▸ Instructions for the task: For the entries below, copy exactly the line that contains "Help is available" through the line that contains "Now we know", both ends included, and exclude all pictures.

** Data to process follows **

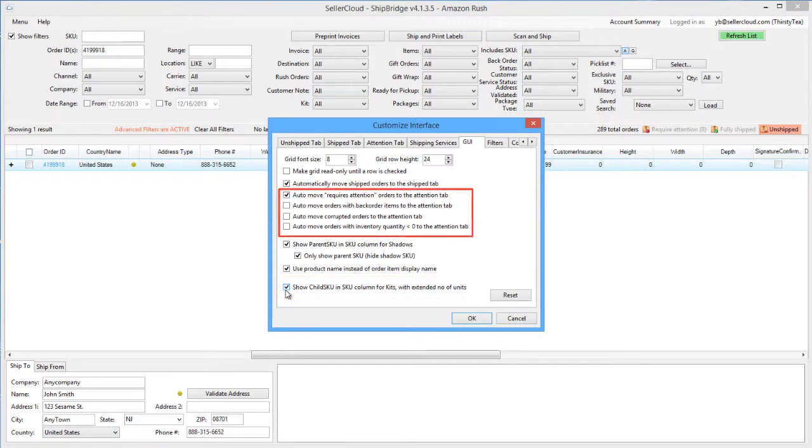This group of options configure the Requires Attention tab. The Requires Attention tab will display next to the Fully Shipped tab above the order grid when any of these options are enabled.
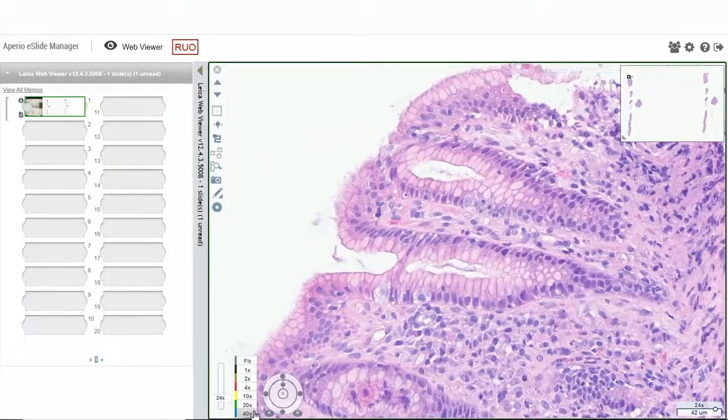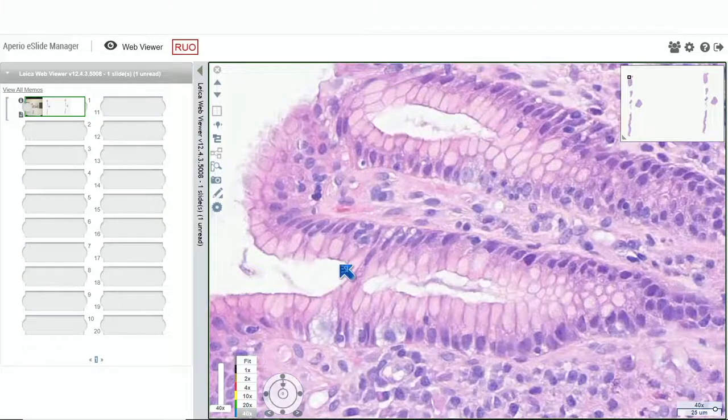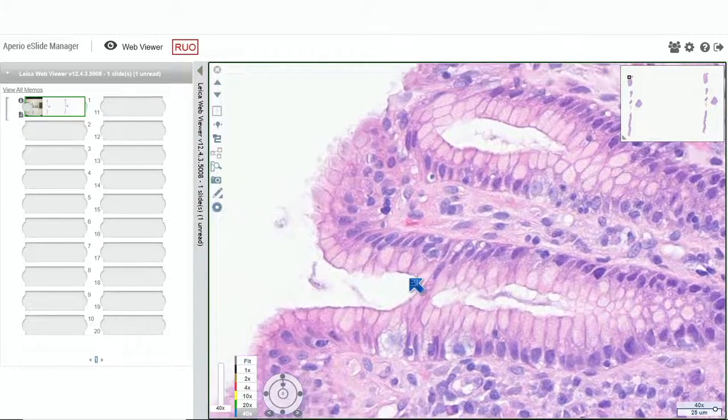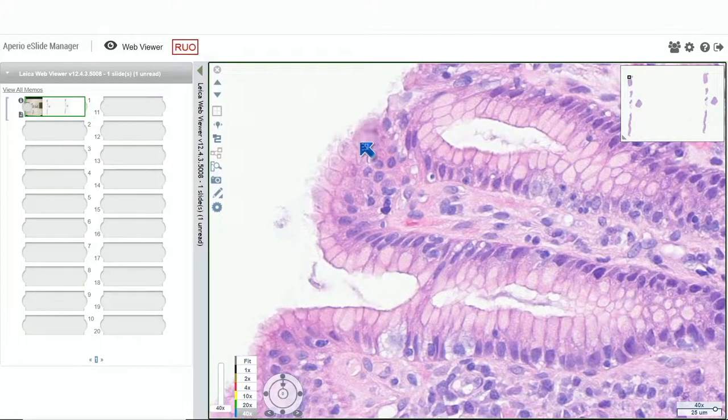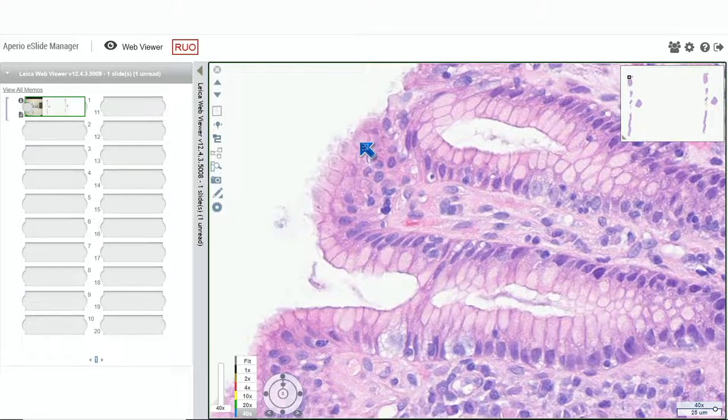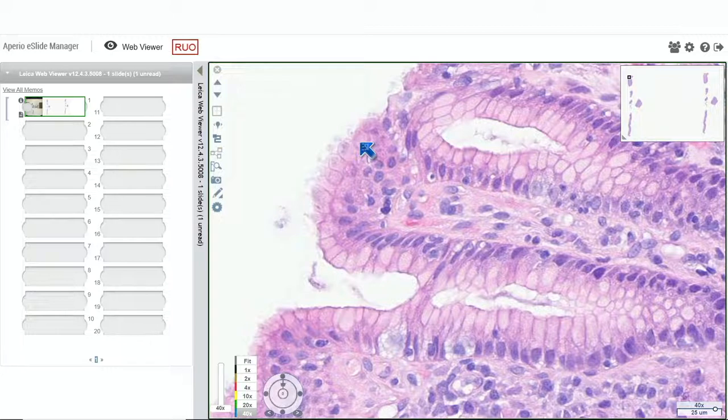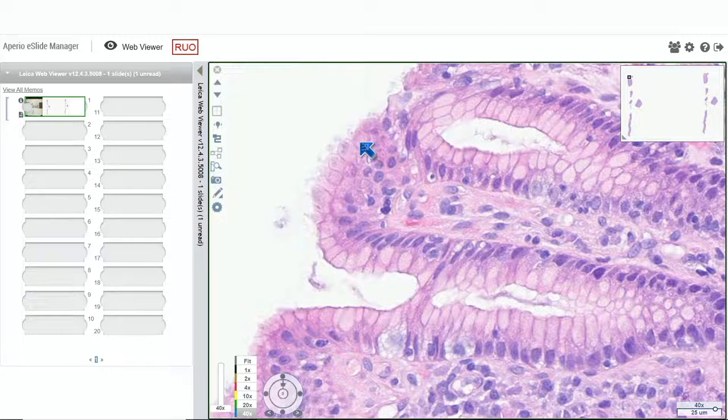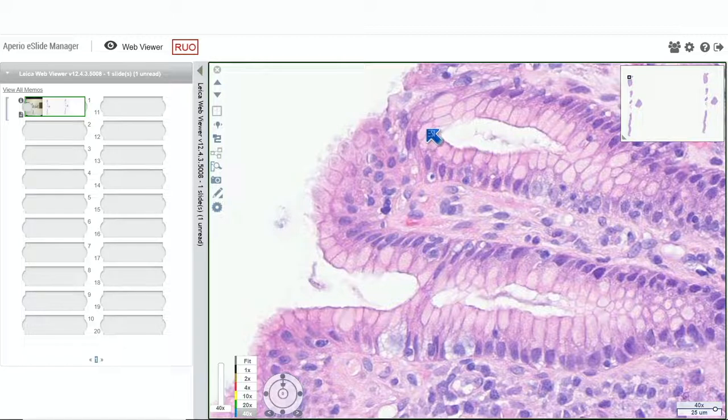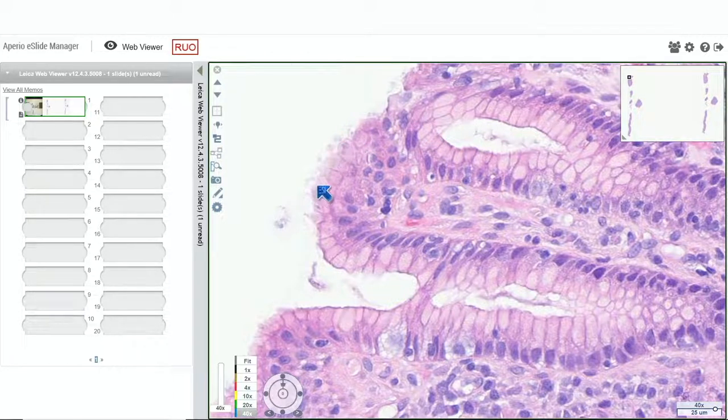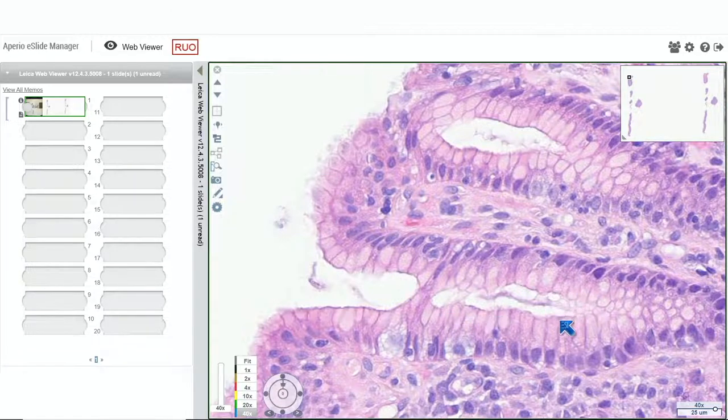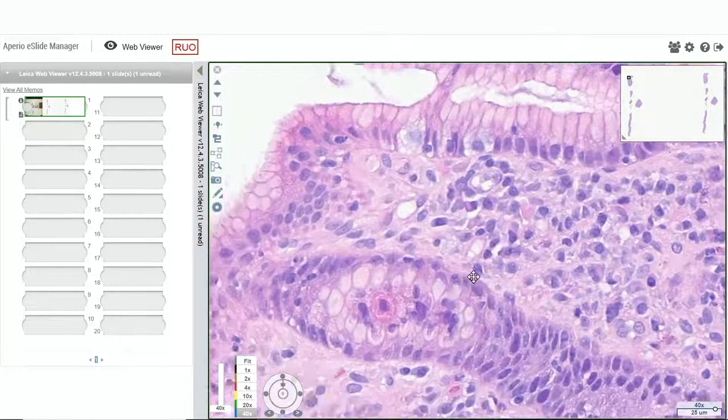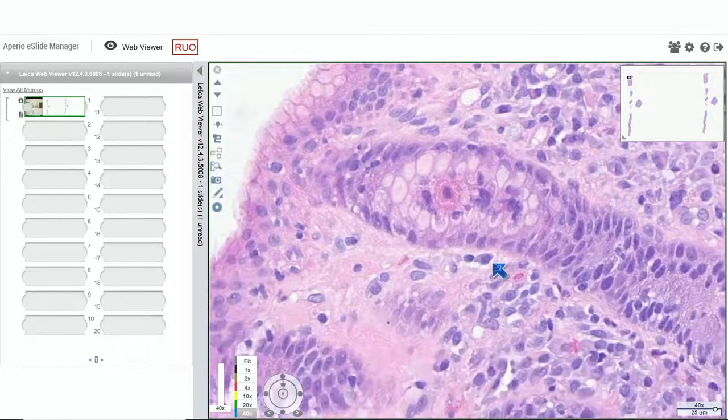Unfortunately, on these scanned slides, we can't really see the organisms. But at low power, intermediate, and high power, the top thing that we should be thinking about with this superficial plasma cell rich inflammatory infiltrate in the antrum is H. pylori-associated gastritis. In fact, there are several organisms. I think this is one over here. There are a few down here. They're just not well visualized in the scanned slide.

** End of Data to process **
** Data to process follows **

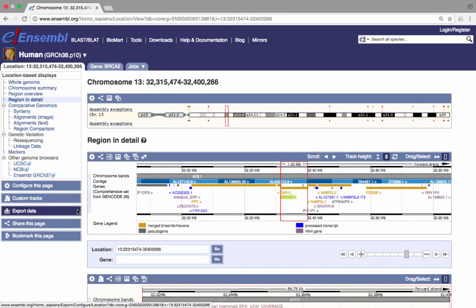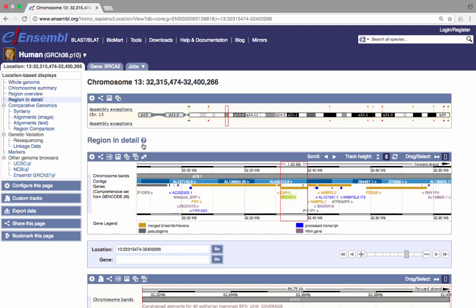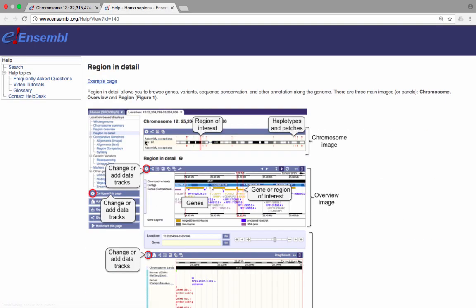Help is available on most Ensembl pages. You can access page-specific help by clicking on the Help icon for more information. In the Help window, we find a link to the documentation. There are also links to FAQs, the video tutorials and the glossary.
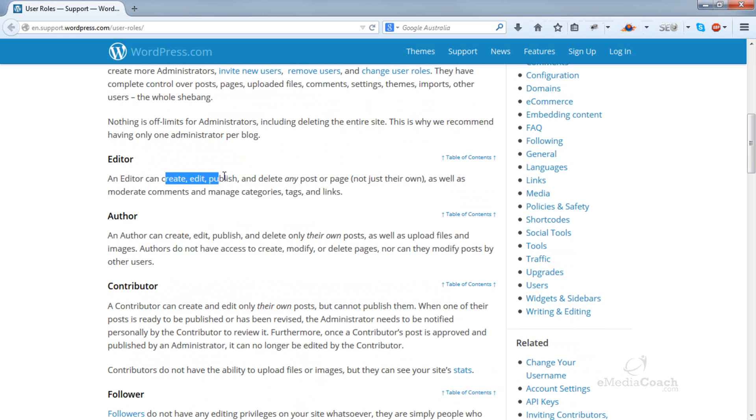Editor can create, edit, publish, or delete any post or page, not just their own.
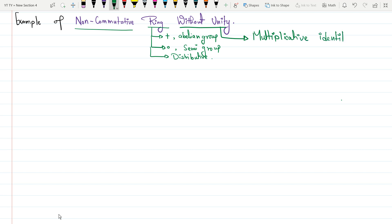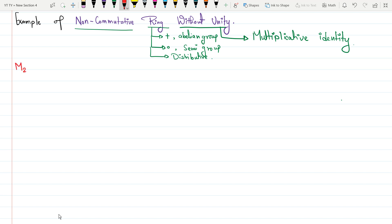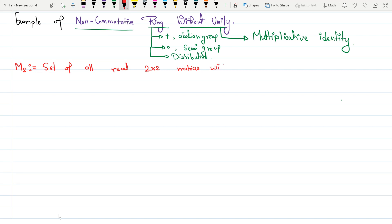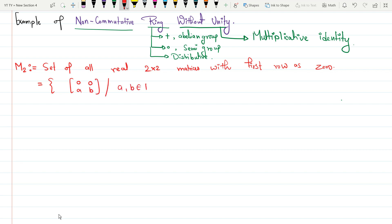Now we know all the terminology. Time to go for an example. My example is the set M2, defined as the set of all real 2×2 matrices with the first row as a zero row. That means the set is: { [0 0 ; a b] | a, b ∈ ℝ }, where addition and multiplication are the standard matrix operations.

** End of Data to process **
** Data to process follows **

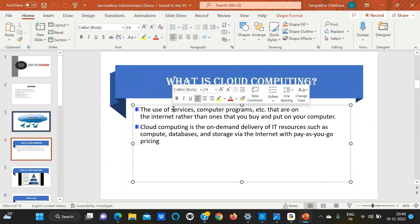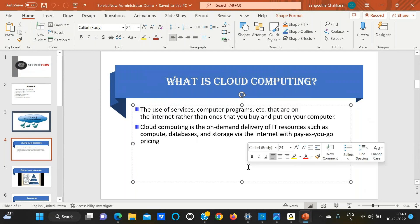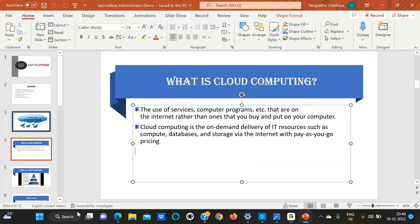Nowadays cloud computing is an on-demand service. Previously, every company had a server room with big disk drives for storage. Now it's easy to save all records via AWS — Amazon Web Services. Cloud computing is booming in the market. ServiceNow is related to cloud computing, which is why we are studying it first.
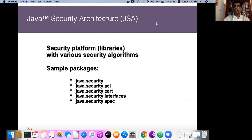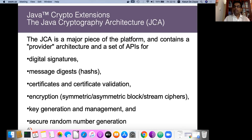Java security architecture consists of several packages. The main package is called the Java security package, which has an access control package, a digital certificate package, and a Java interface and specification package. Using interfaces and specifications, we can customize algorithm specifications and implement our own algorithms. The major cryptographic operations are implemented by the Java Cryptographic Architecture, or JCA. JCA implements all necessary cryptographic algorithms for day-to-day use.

** End of Data to process **

▸ Answer to this exercise:
Help is available on most Ensembl pages. You can access page-specific help by clicking on the Help icon for more information. In the Help window, we find a link to the documentation. There are also links to FAQs, the video tutorials and the glossary.
Editor can create, edit, publish, or delete any post or page, not just their own.
Now we know all the terminology. Time to go for an example. My example is the set M2, defined as the set of all real 2×2 matrices with the first row as a zero row. That means the set is: { [0 0 ; a b] | a, b ∈ ℝ }, where addition and multiplication are the standard matrix operations.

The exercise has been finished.